→ To do
Be exact. Print each record as it stands.
Segment Start: Records shown
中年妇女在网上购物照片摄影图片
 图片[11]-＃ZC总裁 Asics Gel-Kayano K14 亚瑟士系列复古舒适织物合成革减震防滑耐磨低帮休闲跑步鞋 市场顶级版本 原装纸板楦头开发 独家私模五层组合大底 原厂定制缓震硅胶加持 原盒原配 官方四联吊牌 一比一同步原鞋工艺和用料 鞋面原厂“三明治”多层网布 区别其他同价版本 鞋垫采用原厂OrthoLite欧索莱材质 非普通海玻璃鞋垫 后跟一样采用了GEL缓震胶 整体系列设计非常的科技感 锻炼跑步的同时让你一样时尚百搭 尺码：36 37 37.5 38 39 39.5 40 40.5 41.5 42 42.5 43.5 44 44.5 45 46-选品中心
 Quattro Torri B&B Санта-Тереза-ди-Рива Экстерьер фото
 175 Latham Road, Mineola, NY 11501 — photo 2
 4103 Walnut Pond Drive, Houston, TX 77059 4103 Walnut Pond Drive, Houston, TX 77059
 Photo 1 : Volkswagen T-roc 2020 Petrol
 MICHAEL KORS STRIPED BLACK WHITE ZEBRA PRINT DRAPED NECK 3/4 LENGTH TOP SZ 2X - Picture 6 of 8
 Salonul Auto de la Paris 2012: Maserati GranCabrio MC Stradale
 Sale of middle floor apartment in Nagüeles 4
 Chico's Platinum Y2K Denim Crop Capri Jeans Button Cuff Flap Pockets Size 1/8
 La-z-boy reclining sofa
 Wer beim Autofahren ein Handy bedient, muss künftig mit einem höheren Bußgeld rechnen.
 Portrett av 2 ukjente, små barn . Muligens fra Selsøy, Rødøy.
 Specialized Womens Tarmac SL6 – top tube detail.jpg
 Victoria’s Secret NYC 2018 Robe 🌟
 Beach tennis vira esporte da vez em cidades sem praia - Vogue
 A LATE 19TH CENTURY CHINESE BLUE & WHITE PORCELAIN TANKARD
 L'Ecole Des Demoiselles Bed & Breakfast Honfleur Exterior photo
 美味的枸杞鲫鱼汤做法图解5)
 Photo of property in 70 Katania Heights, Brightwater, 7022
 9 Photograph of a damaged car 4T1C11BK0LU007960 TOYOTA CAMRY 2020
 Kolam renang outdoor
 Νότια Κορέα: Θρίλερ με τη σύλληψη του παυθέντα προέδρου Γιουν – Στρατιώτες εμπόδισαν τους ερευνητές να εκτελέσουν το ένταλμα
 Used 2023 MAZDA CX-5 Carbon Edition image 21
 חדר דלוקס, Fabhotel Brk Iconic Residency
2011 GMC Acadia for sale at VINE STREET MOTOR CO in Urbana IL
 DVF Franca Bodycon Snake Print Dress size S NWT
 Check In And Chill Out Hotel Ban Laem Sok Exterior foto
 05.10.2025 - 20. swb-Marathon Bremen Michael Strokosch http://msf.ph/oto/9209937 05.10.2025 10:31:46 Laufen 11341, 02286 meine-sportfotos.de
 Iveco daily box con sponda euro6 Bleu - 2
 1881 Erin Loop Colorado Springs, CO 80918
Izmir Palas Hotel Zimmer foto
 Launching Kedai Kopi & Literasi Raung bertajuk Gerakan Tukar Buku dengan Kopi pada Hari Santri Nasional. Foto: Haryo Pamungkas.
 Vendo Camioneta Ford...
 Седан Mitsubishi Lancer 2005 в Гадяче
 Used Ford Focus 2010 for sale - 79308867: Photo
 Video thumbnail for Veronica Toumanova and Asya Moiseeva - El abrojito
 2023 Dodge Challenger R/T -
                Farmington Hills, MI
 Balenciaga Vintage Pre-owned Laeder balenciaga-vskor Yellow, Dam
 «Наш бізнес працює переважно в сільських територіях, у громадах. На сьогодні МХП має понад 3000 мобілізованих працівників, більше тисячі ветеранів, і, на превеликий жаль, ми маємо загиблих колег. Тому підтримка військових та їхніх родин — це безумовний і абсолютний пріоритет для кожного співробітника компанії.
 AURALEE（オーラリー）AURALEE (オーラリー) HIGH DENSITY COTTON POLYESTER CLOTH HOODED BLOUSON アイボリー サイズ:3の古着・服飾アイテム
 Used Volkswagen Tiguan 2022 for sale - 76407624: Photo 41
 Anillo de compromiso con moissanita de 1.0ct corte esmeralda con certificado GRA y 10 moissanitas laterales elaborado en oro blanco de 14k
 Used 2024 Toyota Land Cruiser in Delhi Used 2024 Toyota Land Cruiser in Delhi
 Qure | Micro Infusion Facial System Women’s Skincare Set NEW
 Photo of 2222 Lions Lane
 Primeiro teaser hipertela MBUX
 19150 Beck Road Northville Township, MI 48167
Segment End: Records shown
→ Response to this exercise
中年妇女在网上购物照片摄影图片
 图片[11]-＃ZC总裁 Asics Gel-Kayano K14 亚瑟士系列复古舒适织物合成革减震防滑耐磨低帮休闲跑步鞋 市场顶级版本 原装纸板楦头开发 独家私模五层组合大底 原厂定制缓震硅胶加持 原盒原配 官方四联吊牌 一比一同步原鞋工艺和用料 鞋面原厂“三明治”多层网布 区别其他同价版本 鞋垫采用原厂OrthoLite欧索莱材质 非普通海玻璃鞋垫 后跟一样采用了GEL缓震胶 整体系列设计非常的科技感 锻炼跑步的同时让你一样时尚百搭 尺码：36 37 37.5 38 39 39.5 40 40.5 41.5 42 42.5 43.5 44 44.5 45 46-选品中心
 Quattro Torri B&B Санта-Тереза-ди-Рива Экстерьер фото
 175 Latham Road, Mineola, NY 11501 — photo 2
 4103 Walnut Pond Drive, Houston, TX 77059 4103 Walnut Pond Drive, Houston, TX 77059
 Photo 1 : Volkswagen T-roc 2020 Petrol
 MICHAEL KORS STRIPED BLACK WHITE ZEBRA PRINT DRAPED NECK 3/4 LENGTH TOP SZ 2X - Picture 6 of 8
 Salonul Auto de la Paris 2012: Maserati GranCabrio MC Stradale
 Sale of middle floor apartment in Nagüeles 4
 Chico's Platinum Y2K Denim Crop Capri Jeans Button Cuff Flap Pockets Size 1/8
 La-z-boy reclining sofa
 Wer beim Autofahren ein Handy bedient, muss künftig mit einem höheren Bußgeld rechnen.
 Portrett av 2 ukjente, små barn . Muligens fra Selsøy, Rødøy.
 Specialized Womens Tarmac SL6 – top tube detail.jpg
 Victoria’s Secret NYC 2018 Robe 🌟
 Beach tennis vira esporte da vez em cidades sem praia - Vogue
 A LATE 19TH CENTURY CHINESE BLUE & WHITE PORCELAIN TANKARD
 L'Ecole Des Demoiselles Bed & Breakfast Honfleur Exterior photo
 美味的枸杞鲫鱼汤做法图解5)
 Photo of property in 70 Katania Heights, Brightwater, 7022
 9 Photograph of a damaged car 4T1C11BK0LU007960 TOYOTA CAMRY 2020
 Kolam renang outdoor
 Νότια Κορέα: Θρίλερ με τη σύλληψη του παυθέντα προέδρου Γιουν – Στρατιώτες εμπόδισαν τους ερευνητές να εκτελέσουν το ένταλμα
 Used 2023 MAZDA CX-5 Carbon Edition image 21
 חדר דלוקס, Fabhotel Brk Iconic Residency
2011 GMC Acadia for sale at VINE STREET MOTOR CO in Urbana IL
 DVF Franca Bodycon Snake Print Dress size S NWT
 Check In And Chill Out Hotel Ban Laem Sok Exterior foto
 05.10.2025 - 20. swb-Marathon Bremen Michael Strokosch http://msf.ph/oto/9209937 05.10.2025 10:31:46 Laufen 11341, 02286 meine-sportfotos.de
 Iveco daily box con sponda euro6 Bleu - 2
 1881 Erin Loop Colorado Springs, CO 80918
Izmir Palas Hotel Zimmer foto
 Launching Kedai Kopi & Literasi Raung bertajuk Gerakan Tukar Buku dengan Kopi pada Hari Santri Nasional. Foto: Haryo Pamungkas.
 Vendo Camioneta Ford...
 Седан Mitsubishi Lancer 2005 в Гадяче
 Used Ford Focus 2010 for sale - 79308867: Photo
 Video thumbnail for Veronica Toumanova and Asya Moiseeva - El abrojito
 2023 Dodge Challenger R/T -
                Farmington Hills, MI
 Balenciaga Vintage Pre-owned Laeder balenciaga-vskor Yellow, Dam
 «Наш бізнес працює переважно в сільських територіях, у громадах. На сьогодні МХП має понад 3000 мобілізованих працівників, більше тисячі ветеранів, і, на превеликий жаль, ми маємо загиблих колег. Тому підтримка військових та їхніх родин — це безумовний і абсолютний пріоритет для кожного співробітника компанії.
 AURALEE（オーラリー）AURALEE (オーラリー) HIGH DENSITY COTTON POLYESTER CLOTH HOODED BLOUSON アイボリー サイズ:3の古着・服飾アイテム
 Used Volkswagen Tiguan 2022 for sale - 76407624: Photo 41
 Anillo de compromiso con moissanita de 1.0ct corte esmeralda con certificado GRA y 10 moissanitas laterales elaborado en oro blanco de 14k
 Used 2024 Toyota Land Cruiser in Delhi Used 2024 Toyota Land Cruiser in Delhi
 Qure | Micro Infusion Facial System Women’s Skincare Set NEW
 Photo of 2222 Lions Lane
 Primeiro teaser hipertela MBUX
 19150 Beck Road Northville Township, MI 48167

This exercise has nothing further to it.